• [WHAT IS REQUIRED]: Set down the final stretch of the data, from the line that holds "Car image 21" through the last line, both included, with pictures left out.

++++++++

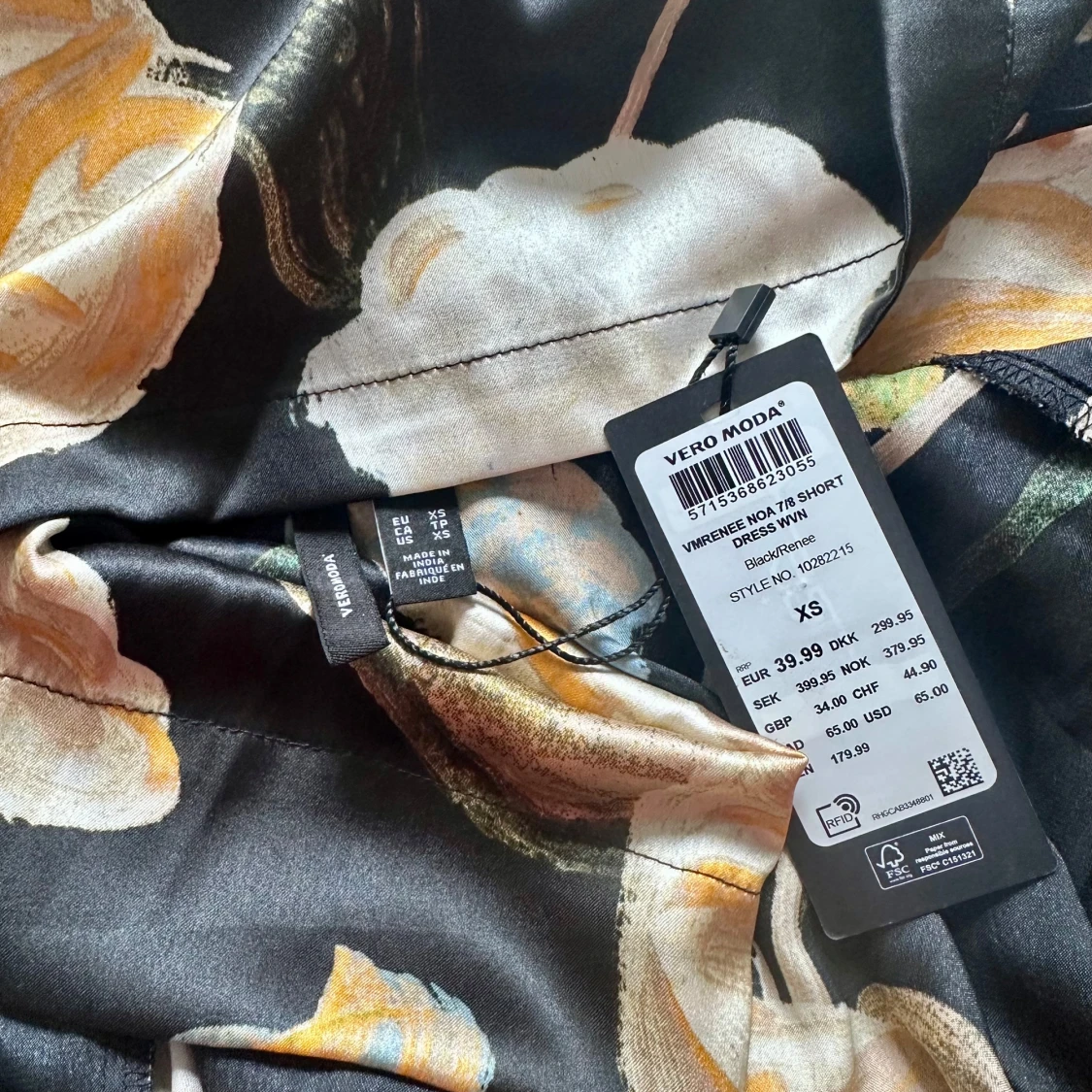 Blommig omlottklänning Vero Moda XS - 2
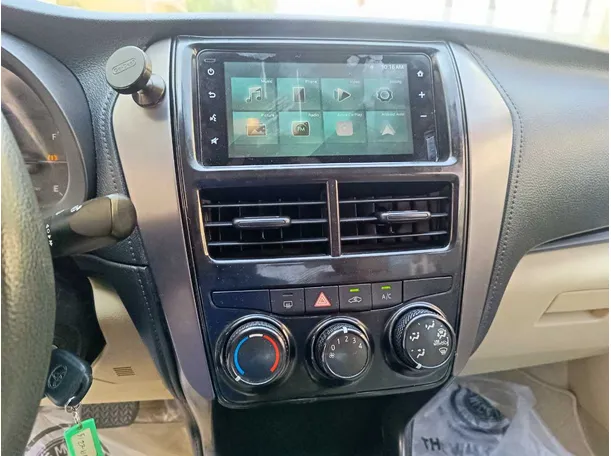 Car image 21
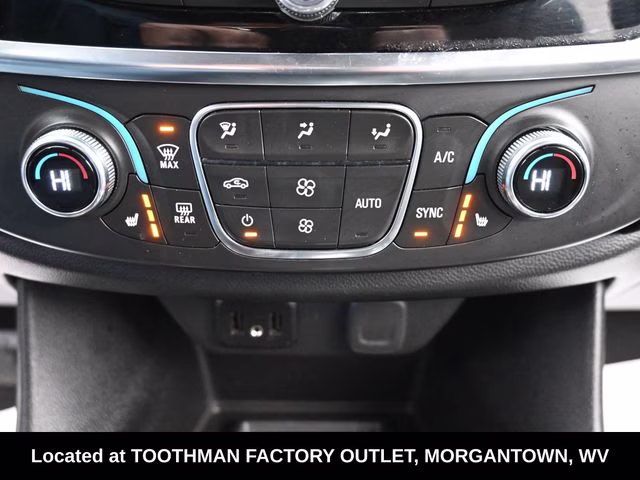 2023 Northsky Blue Metallic Chevrolet Traverse LT AWD SUV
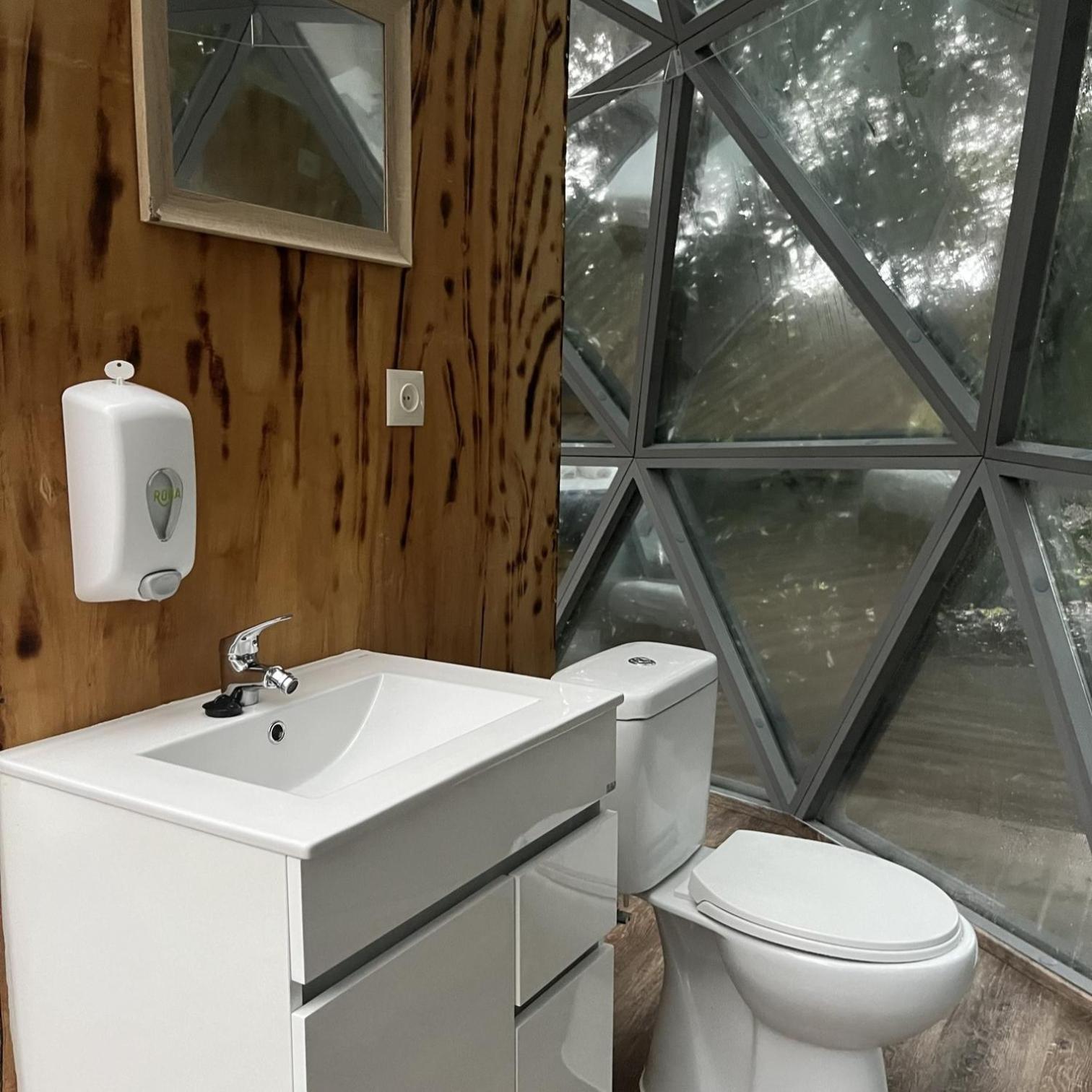 فيلا Quinta Do Abacate - Glamping Park أنغرا دو إِراويزو المظهر الخارجي الصورة
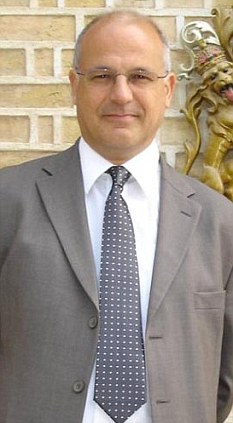 傳英國(guó)駐科威特大使與雇員發(fā)生婚外情被召回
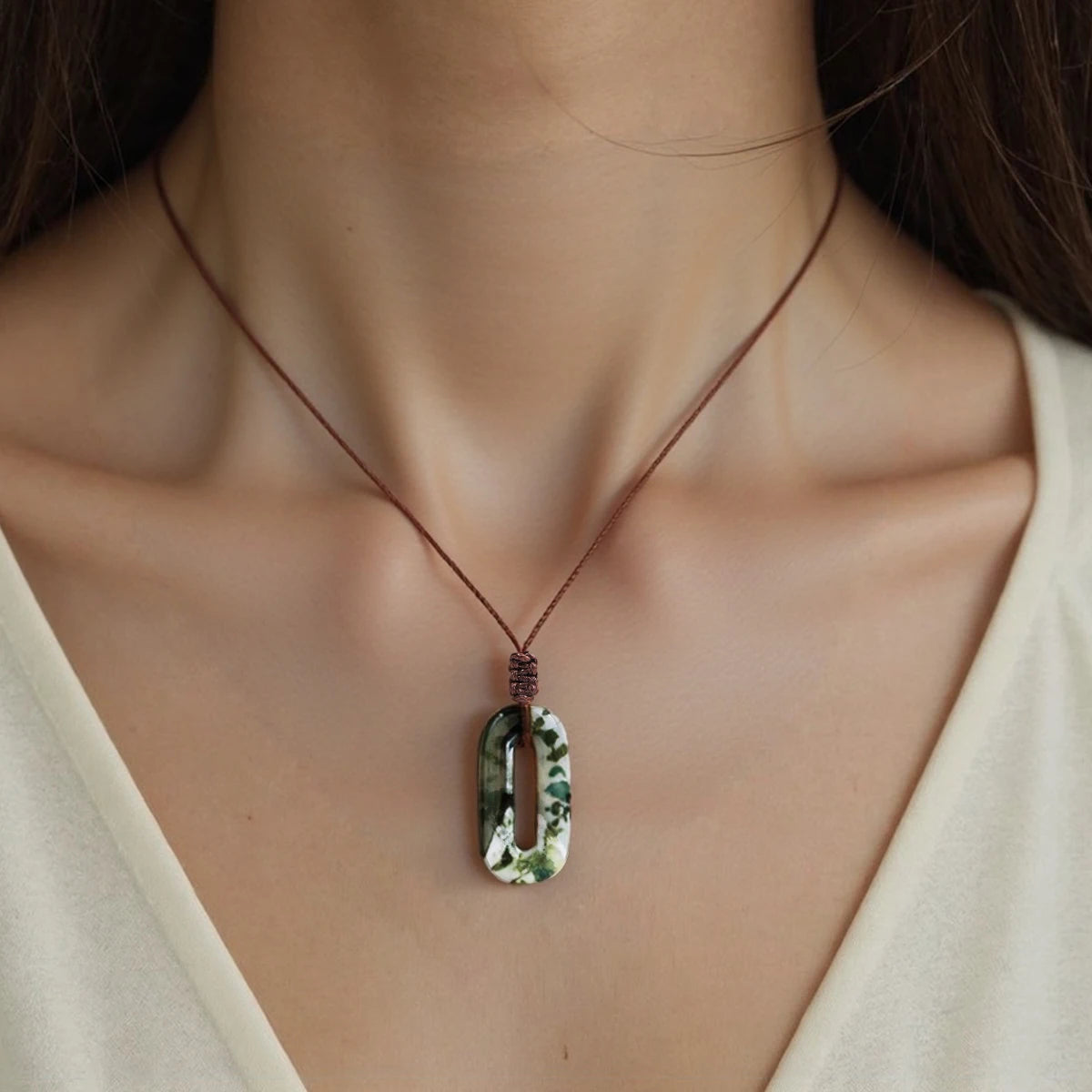 Natural Gemstone Circle Pendant — Ethnic Style Crystal Necklace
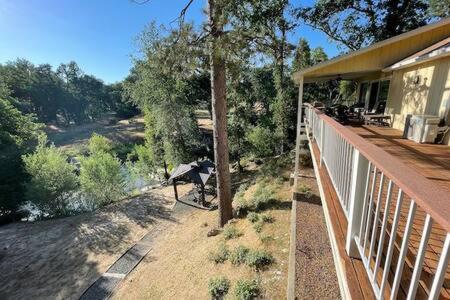 Creekside Dream Game Room Sleeps 12 bbq near town view 5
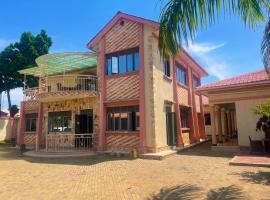 Heartlands Cottages Arua, готель у місті Arua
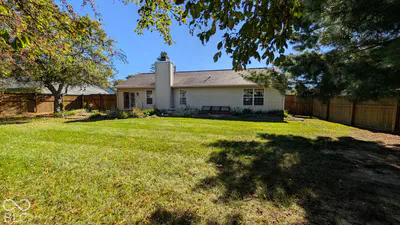 7734 Winding Creek Drive, Indianapolis - 27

++++++++

• [WRITTEN RESPONSE]:
 Car image 21
 2023 Northsky Blue Metallic Chevrolet Traverse LT AWD SUV
 فيلا Quinta Do Abacate - Glamping Park أنغرا دو إِراويزو المظهر الخارجي الصورة
 傳英國(guó)駐科威特大使與雇員發(fā)生婚外情被召回
 Natural Gemstone Circle Pendant — Ethnic Style Crystal Necklace
 Creekside Dream Game Room Sleeps 12 bbq near town view 5
 Heartlands Cottages Arua, готель у місті Arua
 7734 Winding Creek Drive, Indianapolis - 27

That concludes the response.